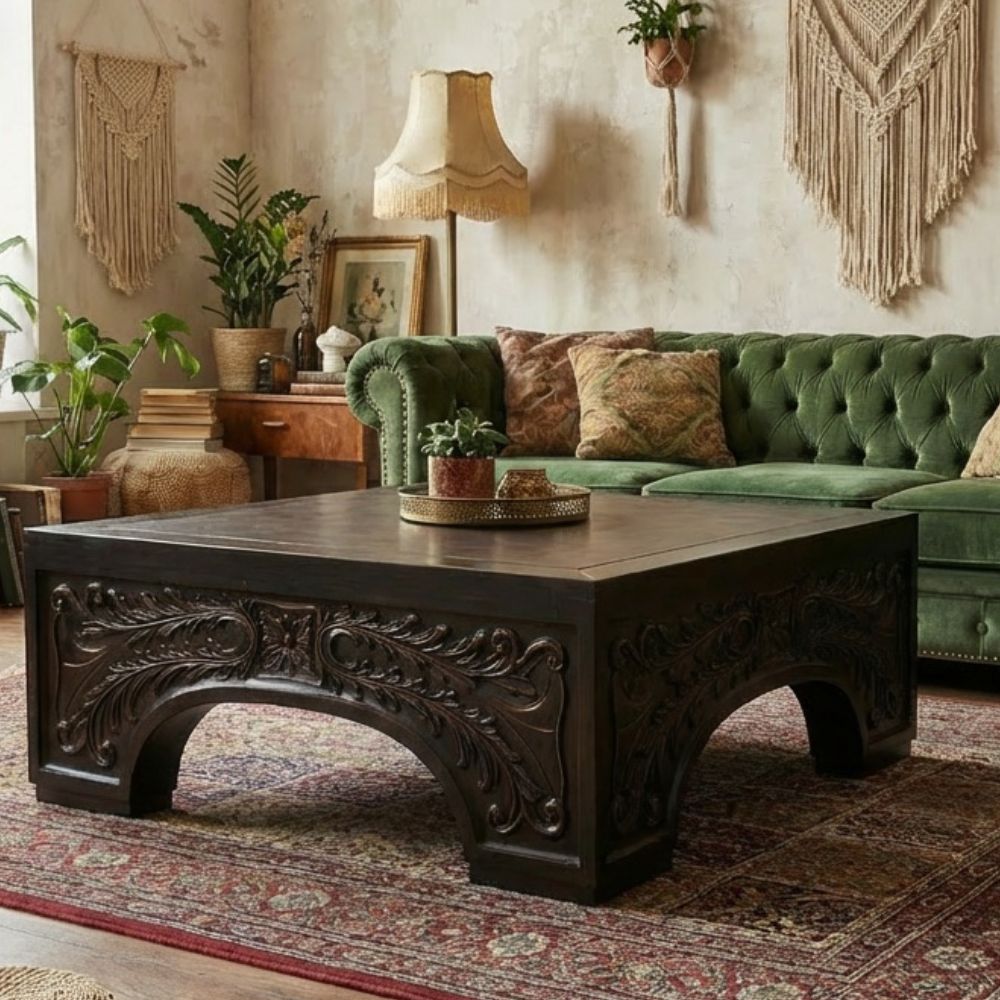 Ornately Carved Leather Top Coffee Table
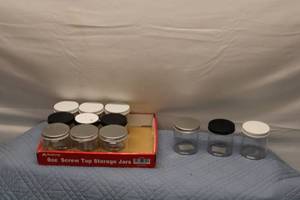 lot 32 image: Set of 10 Clear 8oz Screw Top Storage Jars with Assorted Lids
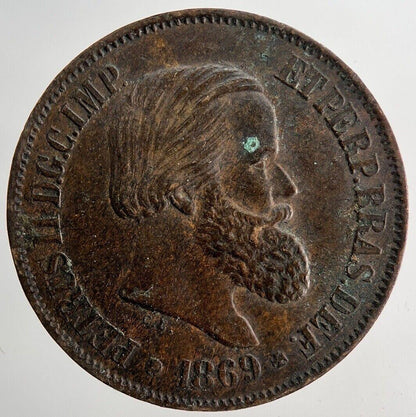 1869 Brazil 20 Reis Coin | Very High Grade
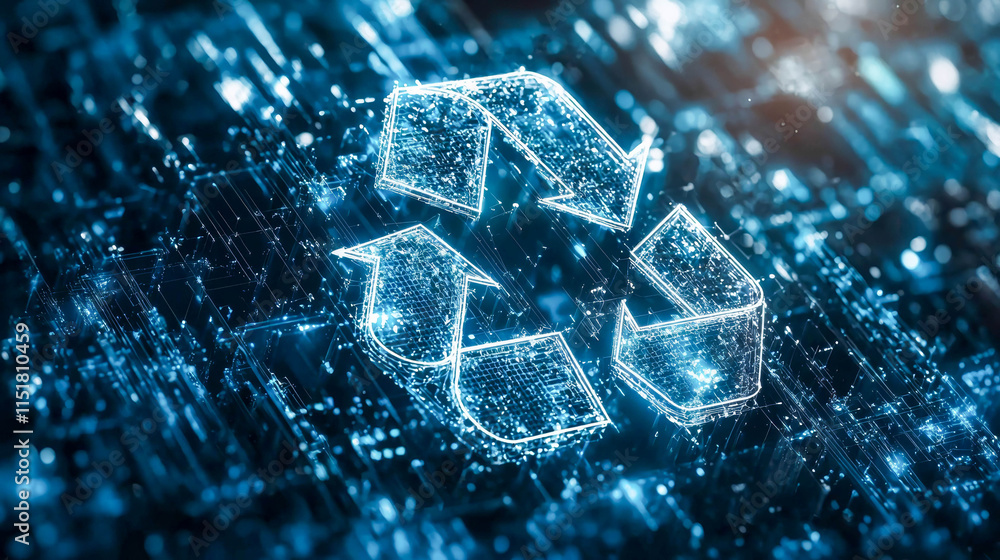 Poster the recycling symbol is in the form of glowing lines on the background of an electronic circuit. rec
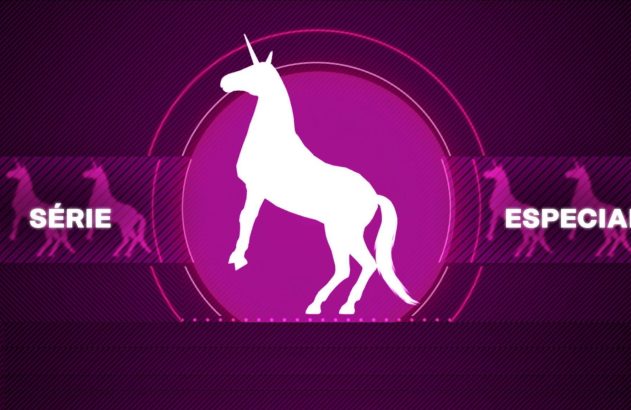 Silhueta branca de unicórnio em círculo roxo com faixas "SÉRIE" e "ESPECIAL" nas laterais.
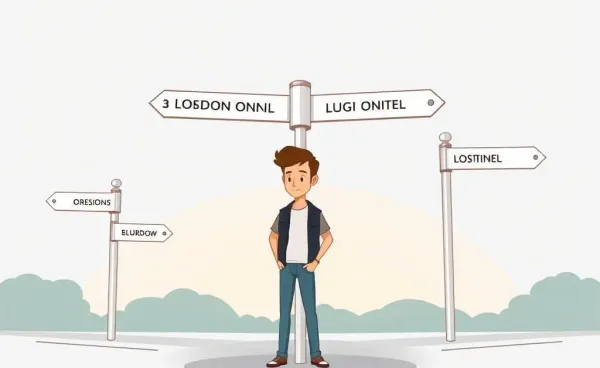 Person standing at a crossroads with London neighborhood signposts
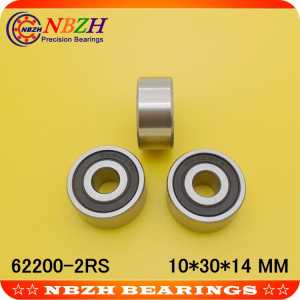 2PCS Free Shipping 62200 2RS 62200-2RS 10X30X14 10*30*14mm Double Shielded Deep Ball Bearings Large breadth 6200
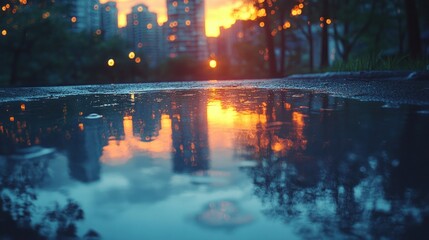 Cityscape Reflection in Puddle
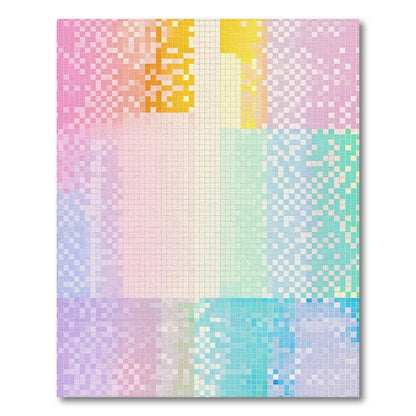 Pastel Pixel Geometric Washable Area Rug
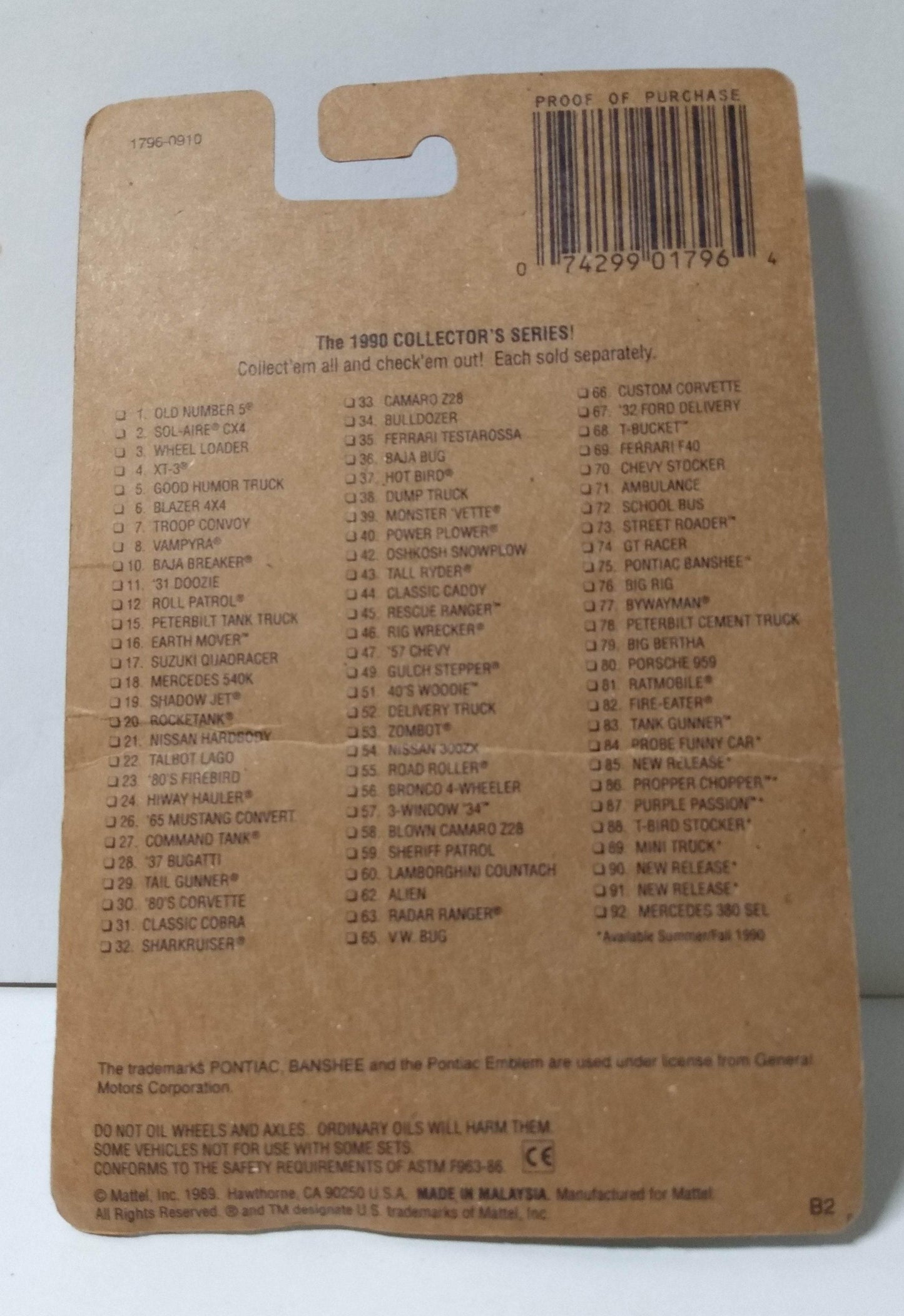 Hot Wheels Collector #75 Pontiac Banshee Diecast Metal Concept Car 1991 - TulipStuff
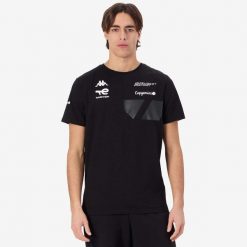 Koszulka Kappa Allerry Peugeot Sport. Czarne koszulki sportowe męskie Kappa, m, bez wzorów, z bawełny, bez kołnierzyka, bez ramiączek. Za 315.50 zł.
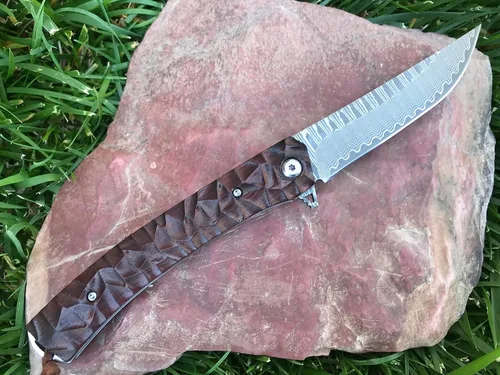 Miniatura 2 de TACTICAL GEARZ Cuchillo de bolsillo de Damasco - Cuchillo plegable EDC con mango de palisandro - Hoja VG10 de acero de Damasco de 67 capas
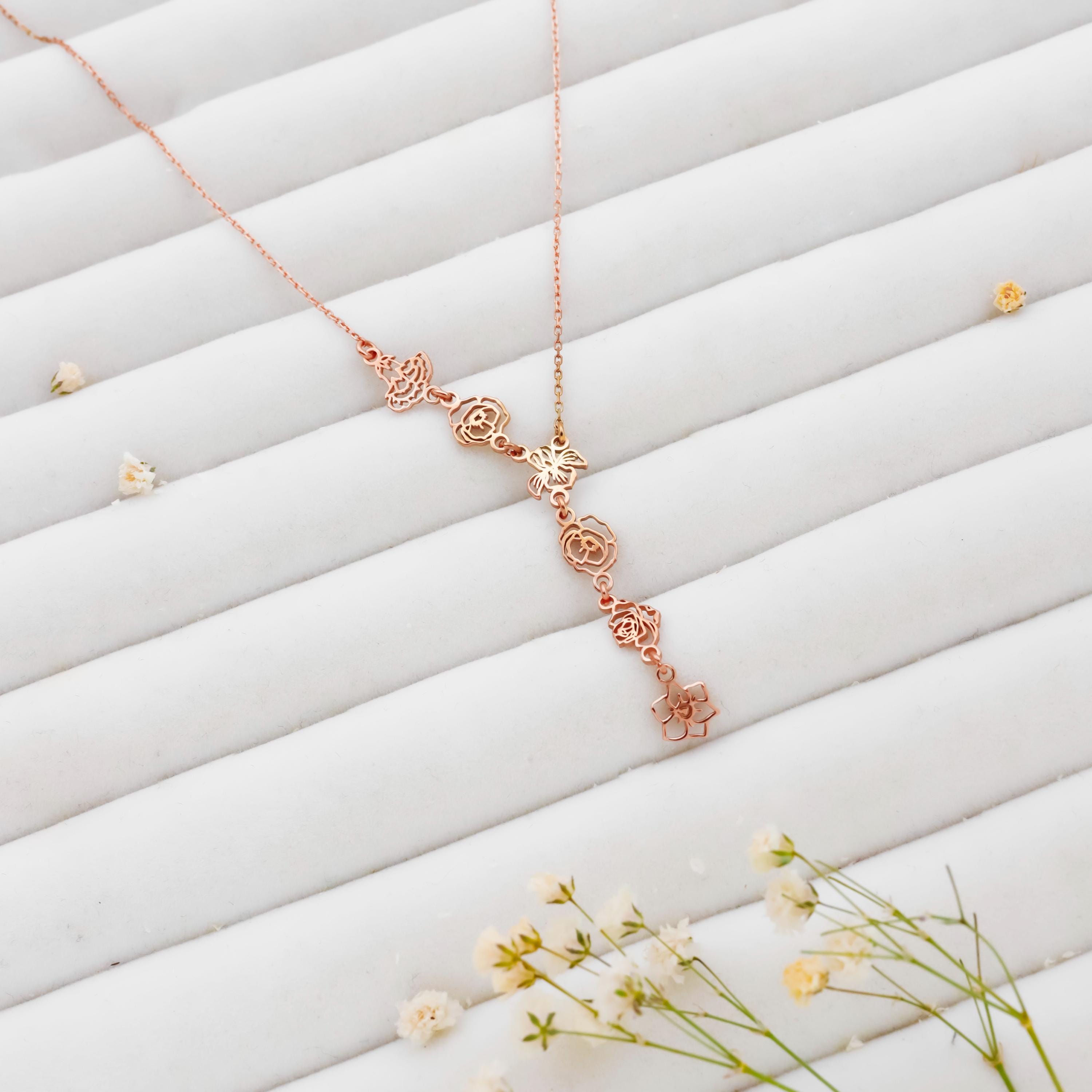 Floral Essence Personalized Birth Flower Lariat Necklace - Elegant Sterling Silver Y Design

§ PROBLEM:
This task calls for the lines from the line containing "Cityscape Reflection in Puddle" through the end of the listing, set down exactly and only, with pictures omitted.

§ SOLUTION TO THIS EXERCISE:
 Cityscape Reflection in Puddle
 Pastel Pixel Geometric Washable Area Rug
 Hot Wheels Collector #75 Pontiac Banshee Diecast Metal Concept Car 1991 - TulipStuff
 Koszulka Kappa Allerry Peugeot Sport. Czarne koszulki sportowe męskie Kappa, m, bez wzorów, z bawełny, bez kołnierzyka, bez ramiączek. Za 315.50 zł.
 Miniatura 2 de TACTICAL GEARZ Cuchillo de bolsillo de Damasco - Cuchillo plegable EDC con mango de palisandro - Hoja VG10 de acero de Damasco de 67 capas
 Floral Essence Personalized Birth Flower Lariat Necklace - Elegant Sterling Silver Y Design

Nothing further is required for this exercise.